[Exercise]: Set down, please, exactly the lines below that run from the line with "622 Everglade Road" to the line with "and spiders. Halloween", both lines included.

[Given records]:
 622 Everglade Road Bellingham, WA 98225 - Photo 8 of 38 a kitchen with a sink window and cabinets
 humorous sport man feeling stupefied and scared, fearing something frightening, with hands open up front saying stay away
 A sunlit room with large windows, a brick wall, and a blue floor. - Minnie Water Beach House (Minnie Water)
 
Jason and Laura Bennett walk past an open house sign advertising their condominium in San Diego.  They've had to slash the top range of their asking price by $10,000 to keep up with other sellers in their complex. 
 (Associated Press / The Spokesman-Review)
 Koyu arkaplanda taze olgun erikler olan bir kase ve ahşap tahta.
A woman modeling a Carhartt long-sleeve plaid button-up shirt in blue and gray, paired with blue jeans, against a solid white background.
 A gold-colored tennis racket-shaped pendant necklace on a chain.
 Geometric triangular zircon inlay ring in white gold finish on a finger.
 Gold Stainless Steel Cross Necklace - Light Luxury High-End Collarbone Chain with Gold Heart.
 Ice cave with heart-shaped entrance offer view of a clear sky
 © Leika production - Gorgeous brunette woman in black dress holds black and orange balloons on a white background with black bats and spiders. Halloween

--

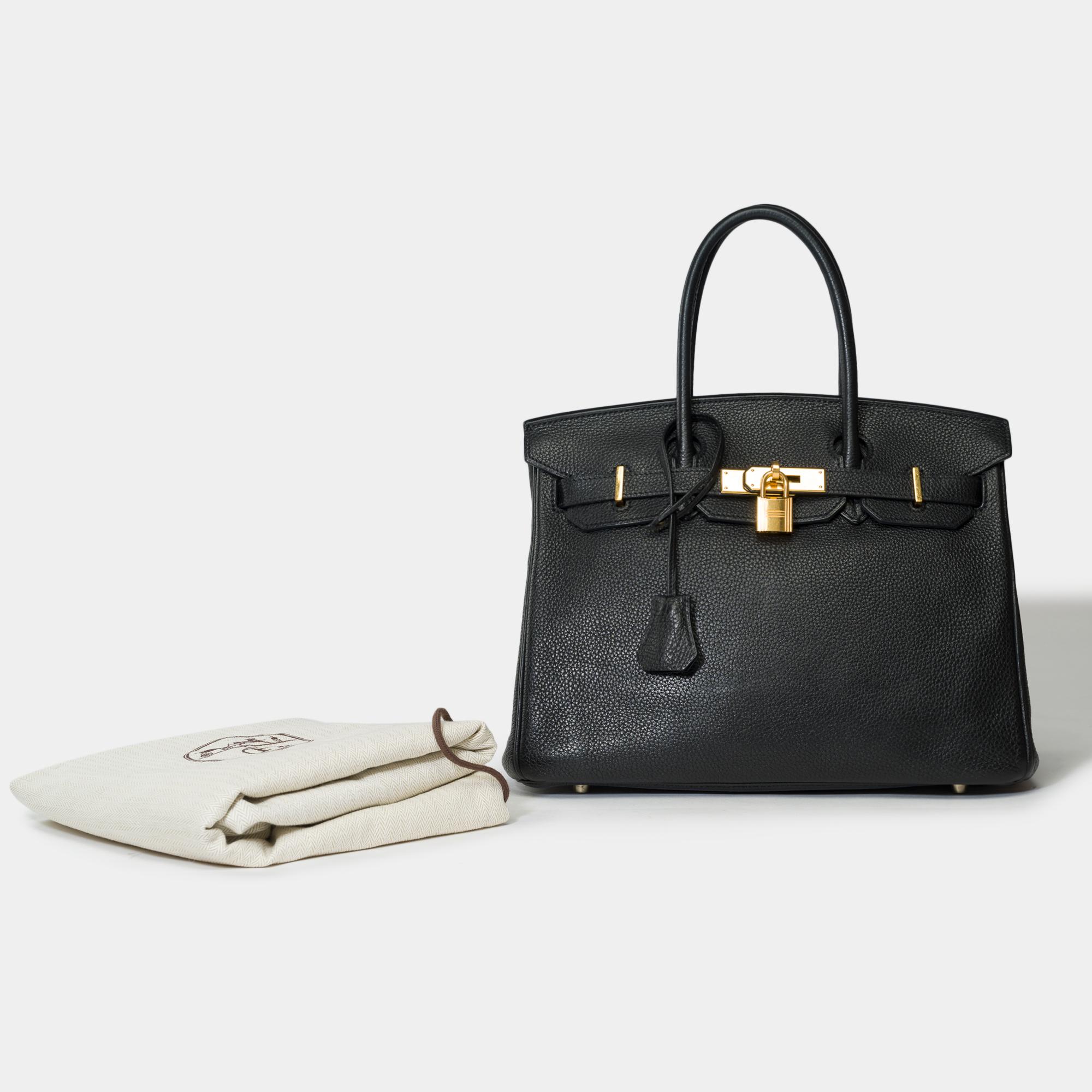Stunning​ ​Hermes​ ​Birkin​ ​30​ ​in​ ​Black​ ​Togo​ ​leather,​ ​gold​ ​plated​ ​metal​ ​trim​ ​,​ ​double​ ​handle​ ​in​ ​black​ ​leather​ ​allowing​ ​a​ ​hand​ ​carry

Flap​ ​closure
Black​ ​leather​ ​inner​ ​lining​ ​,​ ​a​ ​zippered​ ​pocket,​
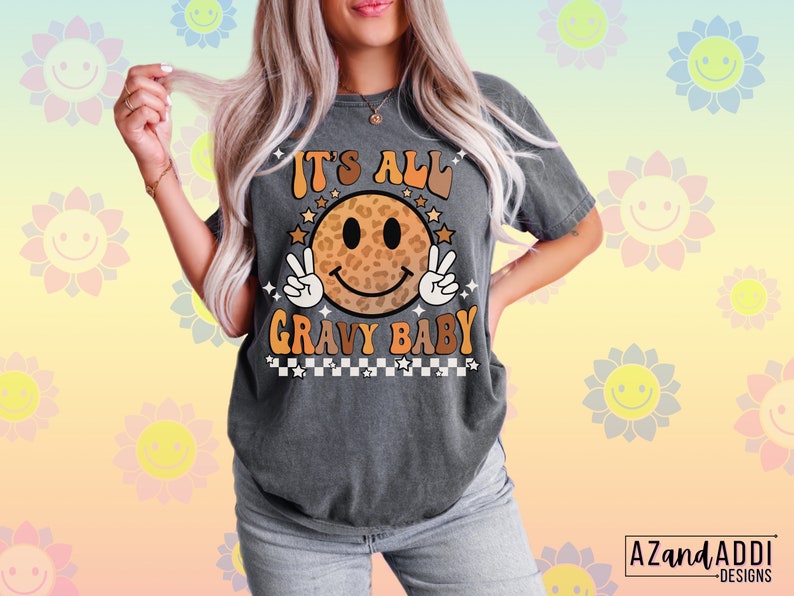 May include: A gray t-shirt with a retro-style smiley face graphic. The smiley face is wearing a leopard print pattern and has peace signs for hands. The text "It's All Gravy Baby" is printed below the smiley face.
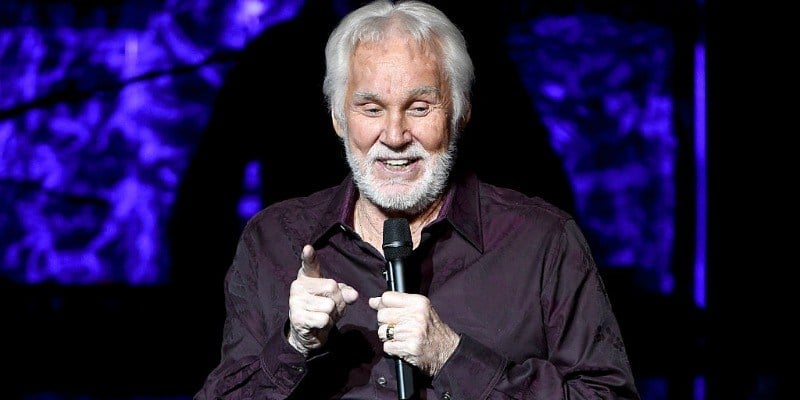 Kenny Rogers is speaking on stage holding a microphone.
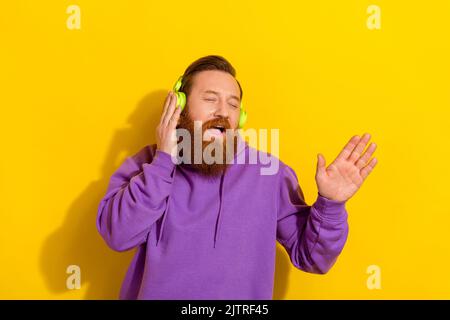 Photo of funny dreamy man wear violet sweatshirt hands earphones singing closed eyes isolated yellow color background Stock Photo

[Solution below]:
 622 Everglade Road Bellingham, WA 98225 - Photo 8 of 38 a kitchen with a sink window and cabinets
 humorous sport man feeling stupefied and scared, fearing something frightening, with hands open up front saying stay away
 A sunlit room with large windows, a brick wall, and a blue floor. - Minnie Water Beach House (Minnie Water)
 
Jason and Laura Bennett walk past an open house sign advertising their condominium in San Diego.  They've had to slash the top range of their asking price by $10,000 to keep up with other sellers in their complex. 
 (Associated Press / The Spokesman-Review)
 Koyu arkaplanda taze olgun erikler olan bir kase ve ahşap tahta.
A woman modeling a Carhartt long-sleeve plaid button-up shirt in blue and gray, paired with blue jeans, against a solid white background.
 A gold-colored tennis racket-shaped pendant necklace on a chain.
 Geometric triangular zircon inlay ring in white gold finish on a finger.
 Gold Stainless Steel Cross Necklace - Light Luxury High-End Collarbone Chain with Gold Heart.
 Ice cave with heart-shaped entrance offer view of a clear sky
 © Leika production - Gorgeous brunette woman in black dress holds black and orange balloons on a white background with black bats and spiders. Halloween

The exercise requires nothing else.